The term pathogenesis refers to the incidental development of a disease due to a series of changes in the structure and/or functions of cells via chemical, microbial or physical agents, and can include infection, inflammation and tissue breakdown leading to malignancy.

The pathogenesis of mesothelioma in humans is predicated on the transport of asbestos fibers to the pleura of the lungs – the fluid-filled sac that surrounds the lungs. These fibers induce an immune system response, by macrophages and other specialized cells, to the lesions that occur as a result of asbestos-fiber irritation of tissues. These lesions continue to attract, and aggregate, specialized cells, causing cellular changes within the lesion that terminate in a malignant tumor.

Evidence gathered from animal experiments indicates that asbestos acts as a complete carcinogen, though the molecular mechanisms of malignancy are not entirely clear.

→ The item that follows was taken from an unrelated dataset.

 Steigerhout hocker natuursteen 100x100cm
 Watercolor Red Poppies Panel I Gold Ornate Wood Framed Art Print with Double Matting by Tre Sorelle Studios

However, research indicates that asbestos fibers act directly on chromosomes, or structural proteins within the cell wall, to effect complex changes, with chromosome 22 showing the most distinct changes. These changes can lead to either deletion of tumor suppressing genes or the prevention of apoptosis (programmed cell death) or activation of oncogenes, via the interposition of foreign DNA, which asbestos appears to facilitate.

Some of the malignancy pathways that have been suggested are:

  • Oxygen-free radicals like hydroxyls released by macrophages which interact with chromosomal material.
  • Growth factors triggering mesothelial cell proliferation
  • Immunosuppressive factors integral to asbestos which may reduce the production of lymphocytes

Four-fifths of the malignant mesotheliomas in humans result from higher than normal exposure to asbestos either through occupational or regional exposure, though recent studies suggest a genetic factor that predisposes some individuals in Turkey to mesothelioma. In addition, natural serpentine rock formations around the world predicate higher-than-normal occurrences of mesothelioma.

Of the estimated two billion mesothelial cells which form the linings of body cavities like the pleura, peritoneum, pericardium, and tunica (which protects the internal reproductive organs in both sexes), all are affected by four principal processes which can lead to malignancy. These are: irritation, mitotic disruption, DNA damage via iron-rich oxygen radicals, and the phosphorylation of the mitogen-activated protein (MAP) kinases which are involved in cell differentiation and apoptosis.
Of the two basic fiber types of asbestos, the larger are the most carcinogenic, due to their greater persistence in the body and their higher iron content, which promote higher production of reactive oxygen radicals. However, less than 10 percent of individuals exposed to asbestos at higher doses over long periods of time actually develop malignant pleural mesothelioma, or MPM, leading researchers to search for other etiologies, specifically a genetic component, a viral component (SV40) implicated in various other cancers (and formerly used in the Salk polio vaccine), and a potential link with hyaluronic acid, which is a definitive diagnostic cell stain for differentiating mesothelioma from adenocarcinomas.

The predictive pathway for mesothelial pathogenesis remains a subject of intense scrutiny and considerable dispute among scientists, with only one definitive cause recognized; genetics may play as large role in the development of mesothelioma as it does in other cancers, where a gene known as p53 has been tentatively identified as the flashpoint for mutations leading to cancer.